Olympus's 2002 budget 35mm zoom compact — 38-80mm f/4.5-8.9 lens, sliding-cover body, CR123A power.
The Superzoom 80G was released in 2002 alongside the Superzoom 70G as one of the last additions to Olympus's Superzoom line of 35mm autofocus compacts, announced together in a single Olympus press release. The G-series pairing offered modest 2x zooms in simple, fully automatic bodies at the budget end of the range, with a Quartzdate date-imprinting version also sold.
It carries a 38-80mm 2x zoom with a maximum aperture of f/4.5 at the wide end closing to f/8.9 at telephoto, protected by a sliding front cover that doubles as the power switch and also shields the viewfinder. Autofocus operates from a minimum distance of 0.8m, film speed is set automatically for ISO 100 to 800 films, and a built-in flash and self-timer are included. Power comes from a single CR123A lithium battery, and the plastic body was sold in black and silver finishes.

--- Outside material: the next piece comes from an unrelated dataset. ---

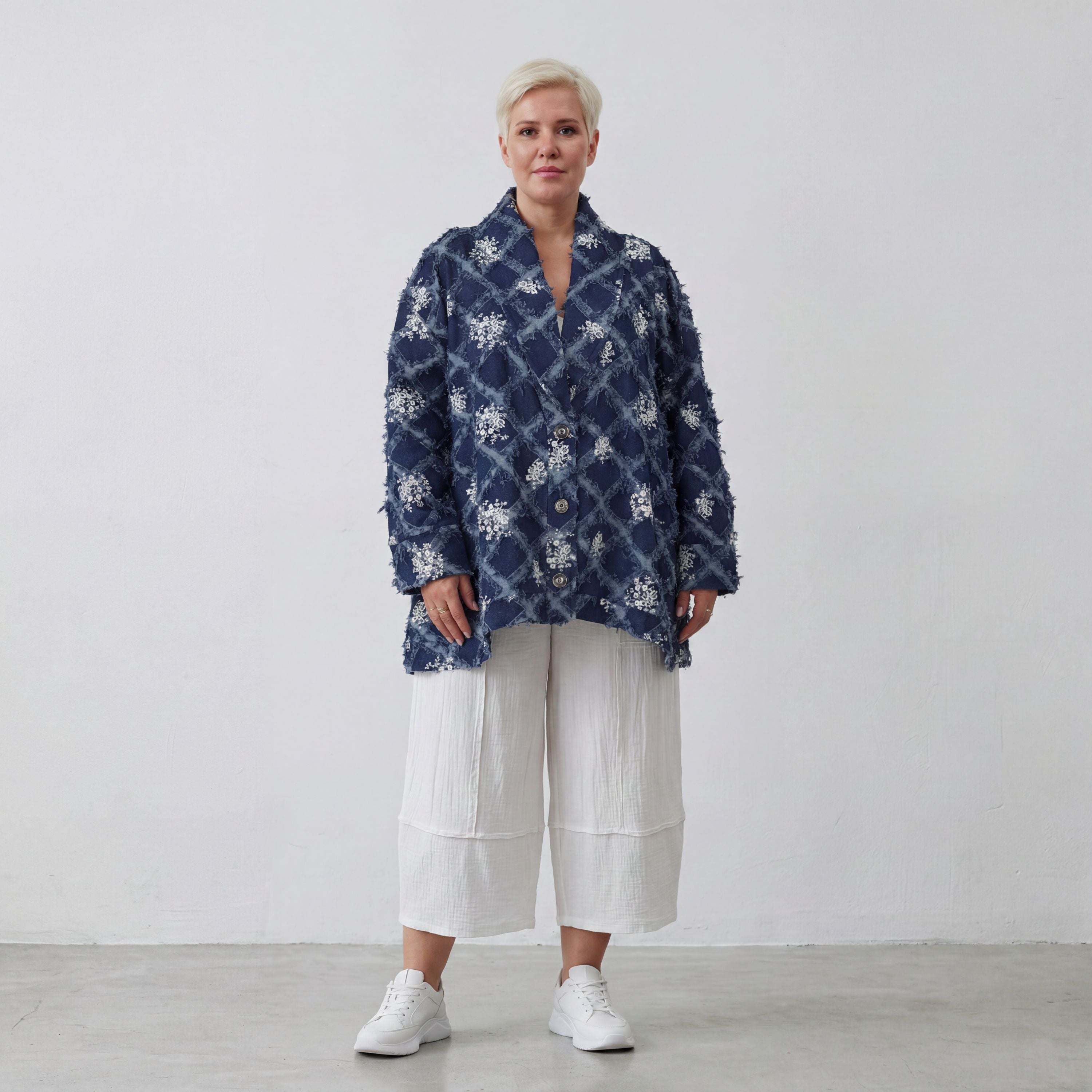 Oversizejacke aus jeansblauem Denim in A-Form mit Rautenfransen Paisleymuster Kragenstyle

This is an easy first film compact: fully automatic, pocketable, and cheap to buy, with the short zoom giving a little framing flexibility over a fixed-lens snapshooter. The slow telephoto aperture means the flash does much of the work indoors, and image character is that of a simple consumer zoom rather than the sharper Mju-class lenses.
The camera is entirely battery-dependent, so confirm it powers up on a fresh CR123A, the sliding cover switches it on cleanly, and the zoom and motor wind operate through a full cycle. Check the flash charges and fires, inspect the film-door light seals, and on Quartzdate versions expect the date function's calendar range to have run out.